Tim Powell

Chief Public Relations Office, Dentsu Creative PR and Chairman, Cox Inall Ridgeway

thought leadership

Can we have sustained consumption-driven economic growth without destroying the planet?

Fears that we would pollute the planet to death and consume all its resources have been replaced by a more pressing problem: catastrophic human-induced climate change. But the solution does not lie in technology or infrastructure, but rather creativity.

While the push towards net zero will be the biggest driver of innovation in our lifetime, with 90 per cent of the world’s major economies now having net zero carbon emissions targets in place, technology and infrastructure will only get us part of the way there. It is human and societal change that will cause the biggest shift.

Put simply, to survive we must change the way we live and that requires changing the way people think, feel and act.

It is humans that make decisions about what they consume, the houses they build, their energy sources and lifestyle choices. And the people who could influence those decisions are Australia’s creative community.

It is already showing leadership in how we can make better choices.

Here at dentsu, we believe we can achieve a balance between sustainable consumption to maintain our lifestyles, continuing to lift people out of poverty in developing countries through economic growth and making sure there is a planet worth living on.

Paradoxically, consumption is part of the answer.

A typical electric car requires six times the mineral inputs of a conventional car and an onshore wind plant requires nine times more mineral resources than a gas-fired power plant.

Our journey to net zero will require us to make many pragmatic choices and not all of them are based on reducing consumption. We need the right kind of consumption.

Dentsu calls the balance Sanpo Yoshi; good for society, good for business and good for clients.

I sit on the board of the Product Stewardship Centre of Excellence, a collaboration between the University of Technology Sydney, the Australian Industry Group and Dentsu. Product stewardship aims to reduce waste generation through better design and manufacture of products, including the use of materials that are easier to recover, reuse and recycle.

We would like to see more stewardship rationale find its way into agency strategy, innovation and ultimately creative briefs. We would like to see more conversations with sustainable-minded product designers and creative agencies to drive innovation.

The global circular economy NGO, the Ellen Macarthur Foundation, says shifting to renewable energy and energy efficient measures will only tackle 55 per cent of global emissions. The other 45 per cent will be generated through changes to land management and production of vehicles, electronics, clothes, food, packaging, construction and various other goods and assets we use daily.
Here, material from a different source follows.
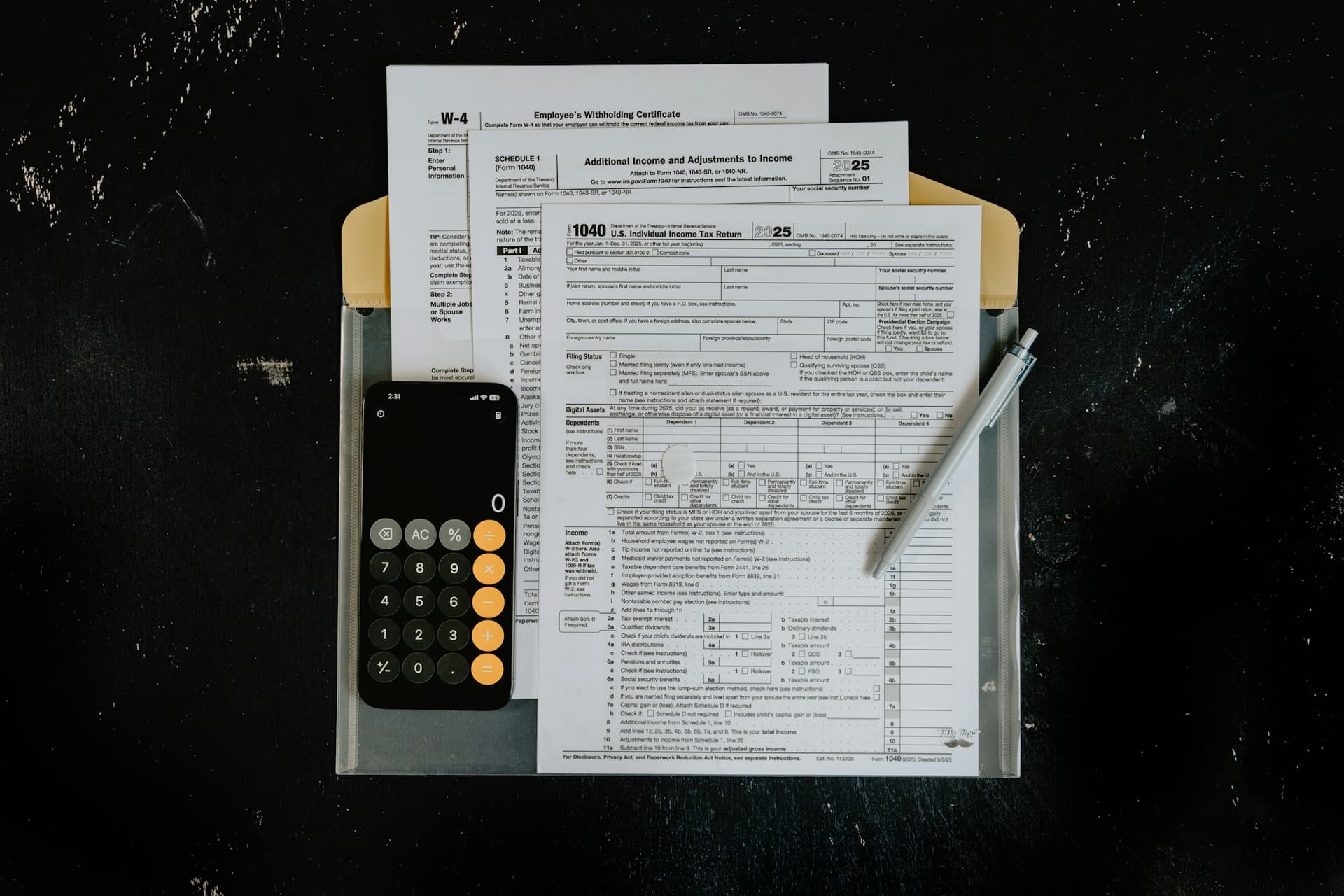 Completed tax forms in a document folder beside a calculator and pen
To convince consumers to change their choices, the heavy lifting falls on the shoulders of big brands and their creative agencies. Product stewardship and circular thinking is starting to infiltrate leading brands.
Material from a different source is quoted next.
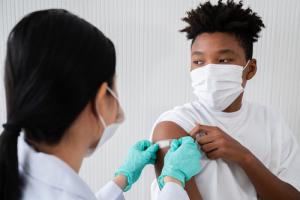 Female doctor applying a bandage to a patient's arm after administering a flu shot.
Ikea, working with Dentsu, built a bespoke online tool for the reuse and resell system, enabling anyone to sell back to IKEA their used furniture, which is resold in the Circular Hub in their stores.

In the US, 40 per cent of all food produced is wasted, which is pretty typical of a first-world economy. US food retailer Kroger, working with Dentsu, developed Chefbot, an AI tool that helps people make the most of their food at home, helping to engage and educate consumers about sustainable behaviours and fight climate change.

The creative challenge is to make consumers feel good about changing their behaviour, even if that means being prepared to pay more for goods that can be repaired or are easier to dismantle to be reused or recycled.

Creative agencies and marketers need to think differently about how we present value, and what we value, from packaging design to how we champion product attributes.

And of course, we need to do this responsibly.

ACCC deputy chair Delia Rickard says greenwashing is on its radar for the next year. The corporate and consumer law watchdog will keep an eye on product claims about environmental impact and sustainability and has flagged a review of various certification schemes.

The ACCC is right to challenge brands to be transparent and provide evidence from their supply chains to back their sustainability claims. Regulatory scrutiny should not stifle our collective will to bring creativity to bear on changing behaviour, it should inspire us to do better.

Truth, credibility and creativity are embedded in all great campaign ideas. So let’s get to work and show how our creative industries can work shoulder to shoulder with NGOs, governments, scientists, engineers, investors and brands to prove we can save the planet with the right kind of consumption backed with the best creative thinking.

Tim Powell is chief public relations officer at dentsu Creative PR.